Artificial intelligence image for differential diagnosis of pancreatic masses. Endoscopic ultrasonography image (pseudo papillary neoplasms) is used for the diagnosis of carcinoma by artificial intelligence. The probability of one endoscopic ultrasonography image is expressed in the upper left, and AI diagnoses this lesion as non‐carcinoma.

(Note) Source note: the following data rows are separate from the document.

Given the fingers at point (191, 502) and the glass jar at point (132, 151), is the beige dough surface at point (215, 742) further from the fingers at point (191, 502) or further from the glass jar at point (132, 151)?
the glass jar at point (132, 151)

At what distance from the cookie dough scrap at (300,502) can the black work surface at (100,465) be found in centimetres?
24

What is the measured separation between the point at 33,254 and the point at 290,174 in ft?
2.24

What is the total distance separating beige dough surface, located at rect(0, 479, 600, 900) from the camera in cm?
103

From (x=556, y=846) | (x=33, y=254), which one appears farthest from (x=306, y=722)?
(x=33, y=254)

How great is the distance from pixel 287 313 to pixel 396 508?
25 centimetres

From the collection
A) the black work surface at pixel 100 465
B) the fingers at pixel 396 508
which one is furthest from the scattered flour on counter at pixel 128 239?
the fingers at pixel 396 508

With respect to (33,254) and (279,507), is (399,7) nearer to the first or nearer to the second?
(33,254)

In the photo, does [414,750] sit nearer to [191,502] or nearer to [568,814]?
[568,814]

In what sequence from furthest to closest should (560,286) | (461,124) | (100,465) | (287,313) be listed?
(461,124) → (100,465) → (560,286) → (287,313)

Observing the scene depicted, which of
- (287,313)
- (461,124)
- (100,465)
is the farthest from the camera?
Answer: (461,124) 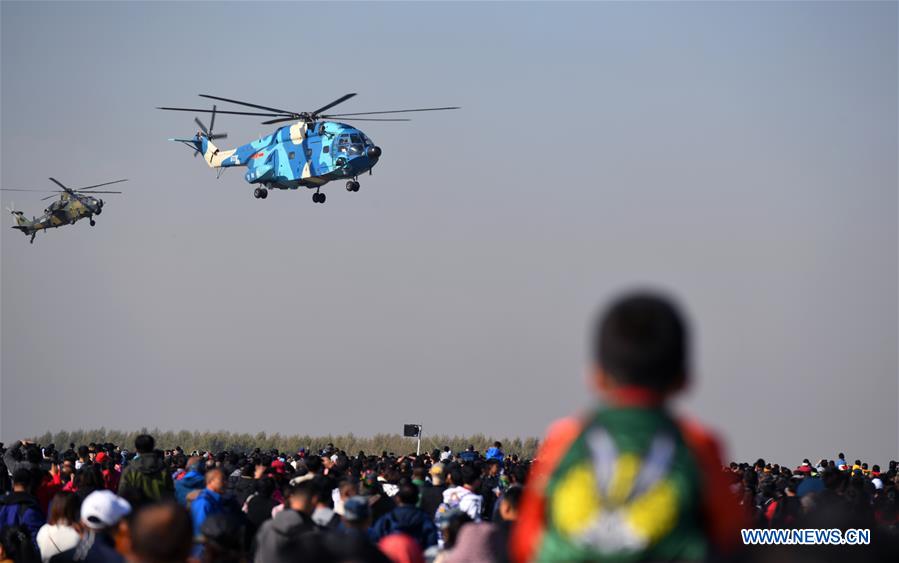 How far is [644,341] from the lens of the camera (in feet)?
13.5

Naito et al. conducted a study in which they annotated pathological images obtained from EUS‐FNA specimens of 372 cases of pancreatic cancer. They used EfficientNet, another classification architecture of DL, for a differential diagnosis of pancreatic cancer. They evaluated the accuracy of the model using 120 external validation data and reported an accuracy of 0.941. 40 Ishikawa et al. created an AI model to evaluate the quality of EUS‐FNA specimens using macroscopic images of 159 cases of pancreatic cancer. They used ResNet34, one of the classification architectures of DL, and evaluated the accuracy of the model using 8‐fold cross‐validation, reporting an accuracy of 0.844 for pathological diagnosis. 41
Classification of pancreatic cysts
Five articles on AI detection of pancreatic tumors from EUS images have been reported (Table 2). 42 , 43 , 44 , 45 Kuwahara et al. created an AI to differentiate the benign‐malignant diagnosis of IPMN using ResNet50, another classification architecture of DL, with EUS images from 50 cases of IPMN. 42 They conducted 10‐fold cross‐validation to evaluate its accuracy and reported an accuracy of 0.94. The diagnostic ability of the AI was higher than the preoperative diagnostic ability of the doctors (accuracy, 0.58) and the EUS image findings (accuracy, 0.52–0.68; Figure 3). Kurita et al. created an AI to differentiate the benign‐malignant diagnosis of pancreatic cysts using an original DL algorithm with two hidden layers, analysis of cyst fluid, cyst fluid cytology, clinical information, and blood test results from 85 cases of pancreatic cysts. 43 They conducted 5‐fold cross‐validation to evaluate its accuracy and reported an accuracy of 0.93. The accuracy of the AI was significantly higher than that of carcinoembryonic antigen in cystic fluid and cytology. Machicado et al. created an AI to differentiate the benign‐malignant diagnosis of IPMN using VGG16 and a faster‐R‐convolutional NN, one of the classification and segmentation architectures of DL, with EUS‐guided needle‐based confocal laser endomicroscopy images from 35 cases of IPMN. They conducted 5‐fold cross‐validation to evaluate its accuracy and reported an accuracy of 0.85. The diagnostic ability of the AI was higher than the high‐risk features according to guidelines (accuracy, 0.68–0.74). 44
TABLE 2.
Main characteristics of included studies about endoscopic ultrasonography‐artificial intelligence for other diseases.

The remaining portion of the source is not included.